The last time Westminster College expanded its performing arts building was in 2004. But since then, the college’s fine arts programs have grown rapidly — with the addition of a dance program, a music major, an a cappella choir, an opera program and a chamber music program.
Because of the addition of new programs, some groups have had to use off-campus facilities to practice.
But coming sometime in 2018, those capacity issues may become a relic of the past when construction is expected to begin on a new fine arts structure between the Jewett Center and Payne Gymnasium.
“This is a moment I am pretty excited about,” said Nina Vought, chair of Westminster’s dance program, which has had to practice off campus since its inception three years ago. “The students are just so thrilled always to come to campus. When they get to come to campus, it is a wonderful moment in their studies. It is going to be fabulous.”

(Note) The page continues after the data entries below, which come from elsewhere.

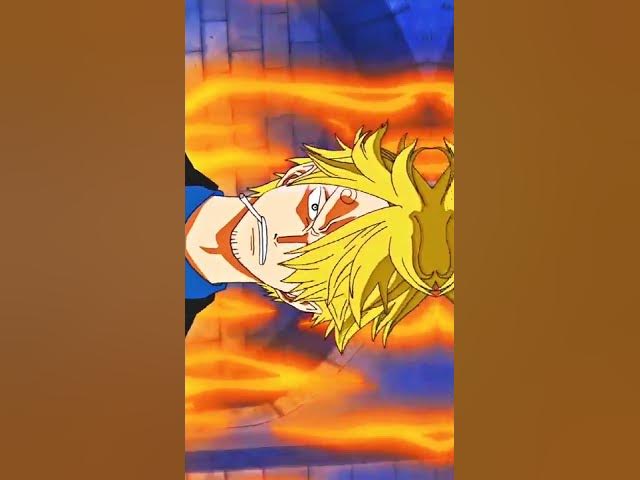 Video thumbnail for sanji 🔥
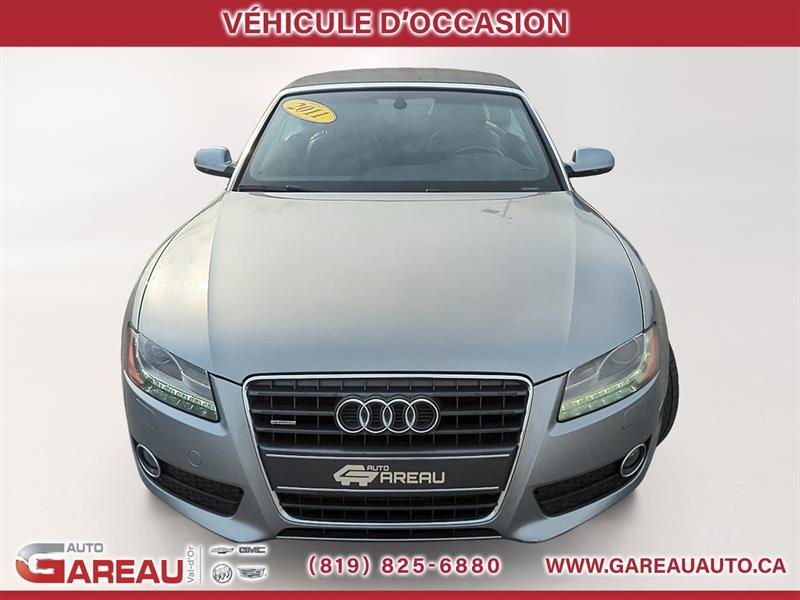 audi A5 2011 - 5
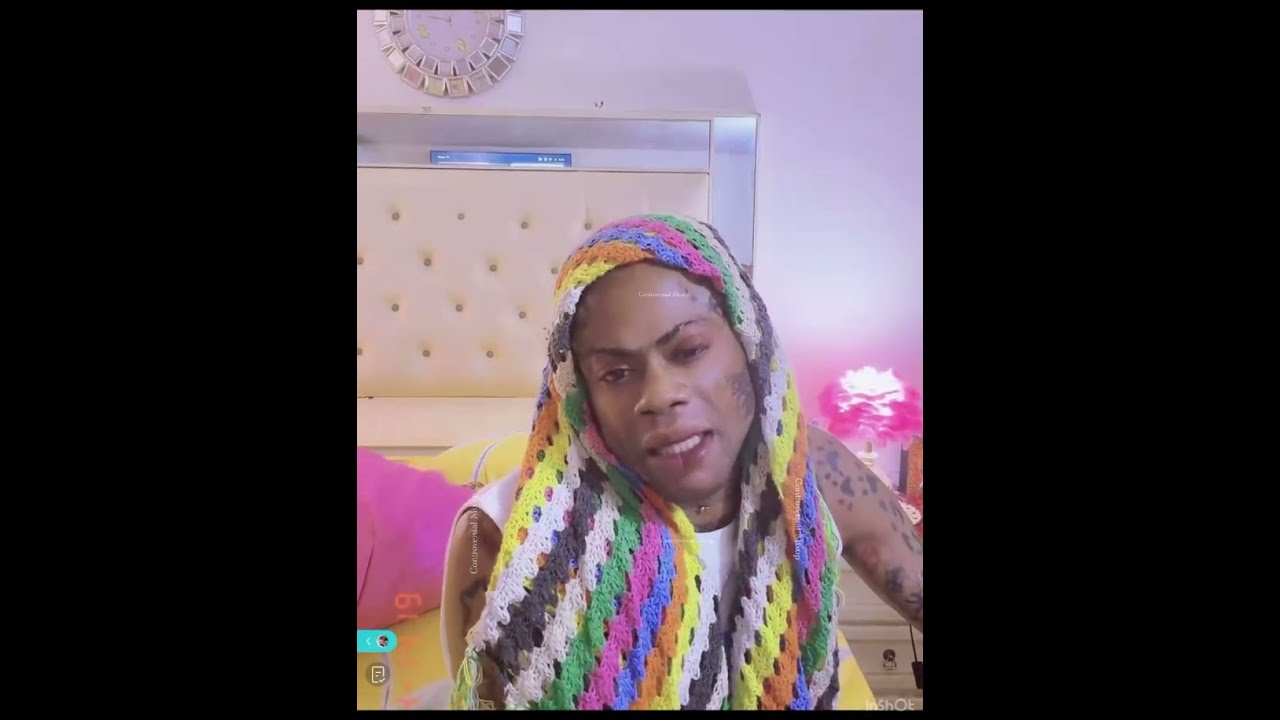 Candy inna worries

The Florence J. Gillmor Foundation — which gives hundreds and thousands of dollars each year to Westminster’s fine arts department for scholarships, programs and instruments — donated $3.6 million dollars in spring 2016 toward the construction and expansion of the existing performing and fine arts building according to an email from Jeff Driggs, director of foundation relations and institutional advancement.
This new structure will be named the Florence J. Gillmor School of Music, in honor of a 1938 graduate of Westminster’s music department and the foundation that will support the majority of the funding.
The new $13 million dollar structure has also received $2.6 million from the Emma Eccles Jones Foundation. The college has raised $6.8 million in gifts and pledges so far, Driggs said.
Once the new building is constructed, Westminster’s dance students and teachers will no longer commute to classes at the Trolley Square Ballet West studio, which is roughly a 10-minute drive from campus.
“I would love something on campus,” said Cambri Fox, a sophomore dance and pre med major. “They have been telling us since we were freshman that we would have a building on campus.”
Fox also said the studio at Trolley Square is nice but has its downsides.
“I feel like it separates the dance program from campus, so people don’t know about us as much,” she said.
The new space may help Westminster’s dance students feel more represented on campus, as their performance studio will be on the ground floor, with windows and glass doors wrapping around the building so outside audiences can see in.
The 25,000 square foot expansion will be three stories and will include a 100-seat music hall for recitals, master classes, chamber music productions and other performances, as well as an art gallery and reception spaces for art exhibits. The building will also include a practice hall for music ensembles, student-directed plays and one-act shows as well as 18 music practice rooms.
Vought and other theatre and music faculty have worked closely with the architects in designing the new addition and said they’re excited to see their work come to fruition — and to see their programs expand even further.
“It is a little hard to recruit for now without space on campus,” Vought said about the dance major. “But it’s a phenomenal program, and once we get space on campus it is going to take off.”